## Prompt
Taking the line that contains "Tồn tại nang" as the first and the final line of the records as the last, write out every line between them exactly, ends included, and nothing else.

## Dataset records
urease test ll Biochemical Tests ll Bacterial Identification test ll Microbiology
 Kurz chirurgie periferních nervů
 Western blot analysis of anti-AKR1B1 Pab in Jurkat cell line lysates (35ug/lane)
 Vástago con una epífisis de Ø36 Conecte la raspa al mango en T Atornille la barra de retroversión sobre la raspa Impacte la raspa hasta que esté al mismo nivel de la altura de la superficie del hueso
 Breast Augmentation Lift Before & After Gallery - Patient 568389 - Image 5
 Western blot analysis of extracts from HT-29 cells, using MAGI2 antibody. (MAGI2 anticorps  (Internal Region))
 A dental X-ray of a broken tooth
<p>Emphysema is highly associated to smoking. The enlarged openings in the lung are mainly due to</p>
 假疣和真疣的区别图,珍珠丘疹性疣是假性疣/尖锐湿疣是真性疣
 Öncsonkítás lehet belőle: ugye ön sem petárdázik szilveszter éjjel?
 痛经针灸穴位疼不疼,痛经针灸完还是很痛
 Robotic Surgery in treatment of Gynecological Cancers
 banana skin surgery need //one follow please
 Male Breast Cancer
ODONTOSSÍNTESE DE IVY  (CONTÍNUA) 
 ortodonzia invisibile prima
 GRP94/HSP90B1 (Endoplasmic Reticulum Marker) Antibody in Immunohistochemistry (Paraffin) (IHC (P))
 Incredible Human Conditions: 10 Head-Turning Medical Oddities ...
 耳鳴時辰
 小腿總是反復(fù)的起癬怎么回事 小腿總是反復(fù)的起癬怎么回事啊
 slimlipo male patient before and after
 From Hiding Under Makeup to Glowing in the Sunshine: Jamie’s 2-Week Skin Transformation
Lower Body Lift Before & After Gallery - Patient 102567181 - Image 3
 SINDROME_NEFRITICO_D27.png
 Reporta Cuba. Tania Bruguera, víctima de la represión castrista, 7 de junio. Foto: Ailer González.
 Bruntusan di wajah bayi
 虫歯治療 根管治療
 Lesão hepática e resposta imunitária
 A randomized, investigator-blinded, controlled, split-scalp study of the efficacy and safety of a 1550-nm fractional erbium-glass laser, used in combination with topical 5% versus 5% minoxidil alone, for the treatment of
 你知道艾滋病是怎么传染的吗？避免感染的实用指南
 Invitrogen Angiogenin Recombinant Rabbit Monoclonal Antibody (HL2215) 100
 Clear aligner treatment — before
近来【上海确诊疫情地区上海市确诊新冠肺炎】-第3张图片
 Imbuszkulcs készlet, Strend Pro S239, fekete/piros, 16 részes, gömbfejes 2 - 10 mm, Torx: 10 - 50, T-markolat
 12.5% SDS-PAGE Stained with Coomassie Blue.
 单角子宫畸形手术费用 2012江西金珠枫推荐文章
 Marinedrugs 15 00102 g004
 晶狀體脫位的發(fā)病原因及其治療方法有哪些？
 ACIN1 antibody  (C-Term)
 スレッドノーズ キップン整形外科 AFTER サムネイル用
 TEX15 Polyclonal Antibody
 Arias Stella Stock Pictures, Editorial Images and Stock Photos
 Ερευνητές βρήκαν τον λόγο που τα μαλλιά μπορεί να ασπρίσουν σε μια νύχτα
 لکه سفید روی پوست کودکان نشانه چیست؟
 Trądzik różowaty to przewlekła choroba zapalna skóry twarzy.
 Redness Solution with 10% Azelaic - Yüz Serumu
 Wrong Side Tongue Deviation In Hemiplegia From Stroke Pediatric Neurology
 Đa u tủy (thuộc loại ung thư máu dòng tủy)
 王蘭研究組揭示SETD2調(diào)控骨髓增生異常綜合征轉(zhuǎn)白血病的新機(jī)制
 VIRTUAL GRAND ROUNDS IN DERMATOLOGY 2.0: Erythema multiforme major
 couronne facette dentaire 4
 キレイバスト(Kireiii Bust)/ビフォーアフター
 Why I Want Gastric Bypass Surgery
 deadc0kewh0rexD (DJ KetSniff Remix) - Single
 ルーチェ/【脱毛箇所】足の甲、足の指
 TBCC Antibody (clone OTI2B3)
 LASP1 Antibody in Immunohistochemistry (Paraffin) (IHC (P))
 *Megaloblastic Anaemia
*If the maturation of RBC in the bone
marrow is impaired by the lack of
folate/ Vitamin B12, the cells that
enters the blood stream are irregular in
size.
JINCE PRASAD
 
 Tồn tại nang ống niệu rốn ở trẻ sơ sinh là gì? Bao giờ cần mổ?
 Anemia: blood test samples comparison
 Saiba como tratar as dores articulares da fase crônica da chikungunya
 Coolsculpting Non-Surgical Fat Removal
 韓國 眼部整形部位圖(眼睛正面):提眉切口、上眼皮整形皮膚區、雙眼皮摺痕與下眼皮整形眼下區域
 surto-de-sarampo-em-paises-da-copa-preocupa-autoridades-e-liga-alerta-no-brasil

## The answer
 Tồn tại nang ống niệu rốn ở trẻ sơ sinh là gì? Bao giờ cần mổ?
 Anemia: blood test samples comparison
 Saiba como tratar as dores articulares da fase crônica da chikungunya
 Coolsculpting Non-Surgical Fat Removal
 韓國 眼部整形部位圖(眼睛正面):提眉切口、上眼皮整形皮膚區、雙眼皮摺痕與下眼皮整形眼下區域
 surto-de-sarampo-em-paises-da-copa-preocupa-autoridades-e-liga-alerta-no-brasil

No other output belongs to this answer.